== Extracted entries ==
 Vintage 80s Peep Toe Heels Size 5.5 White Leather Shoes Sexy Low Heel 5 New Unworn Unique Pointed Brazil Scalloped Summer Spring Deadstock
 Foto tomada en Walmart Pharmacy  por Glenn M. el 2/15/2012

* * *

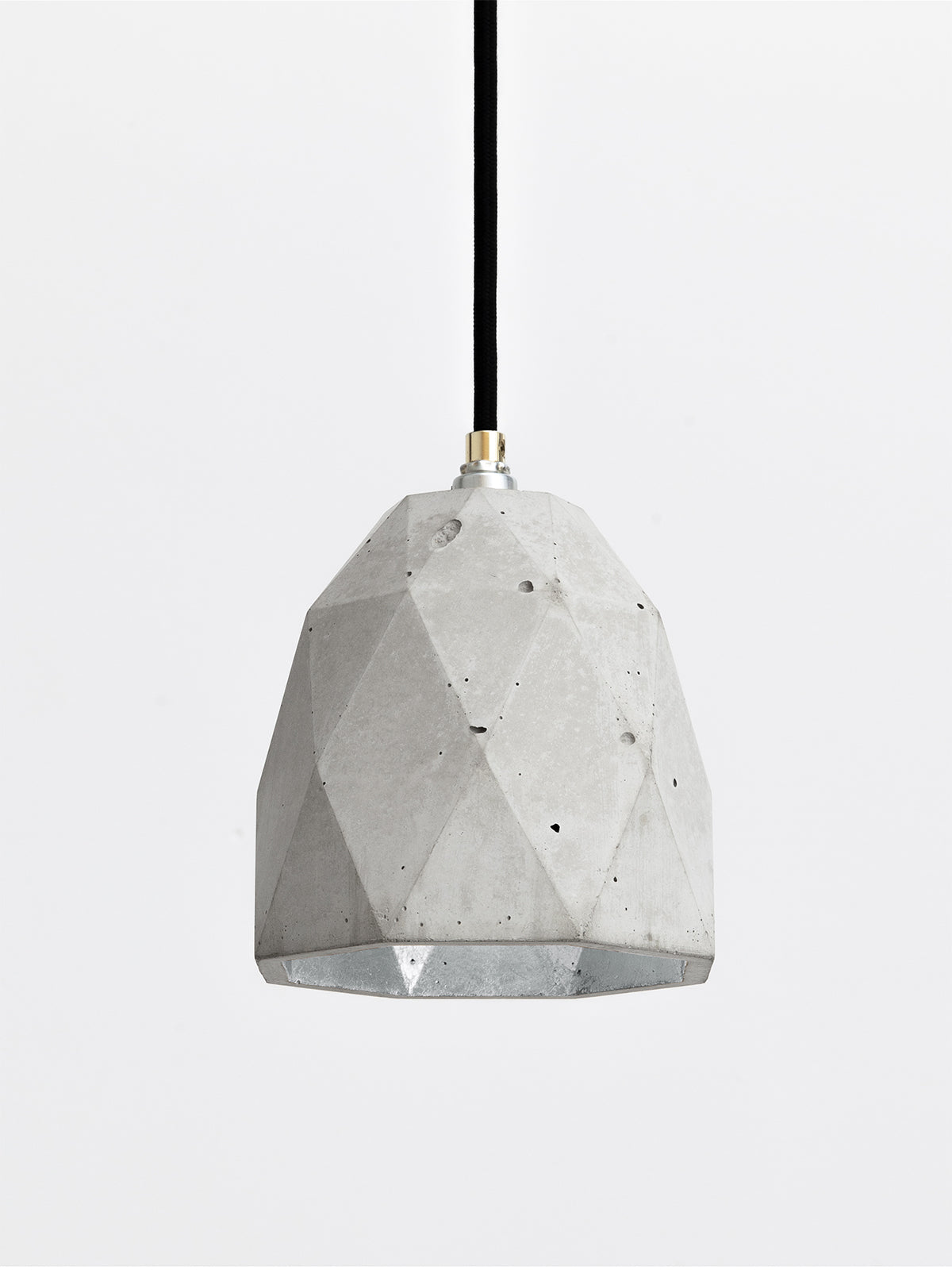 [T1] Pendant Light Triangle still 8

== Task to carry out ==
Reproduce, character for character, only the lines of the preceding data that start at the line with "Vintage 80s Peep" and end at the line with "Foto tomada en", both included.

== Answer for the task ==
 Vintage 80s Peep Toe Heels Size 5.5 White Leather Shoes Sexy Low Heel 5 New Unworn Unique Pointed Brazil Scalloped Summer Spring Deadstock
 Foto tomada en Walmart Pharmacy  por Glenn M. el 2/15/2012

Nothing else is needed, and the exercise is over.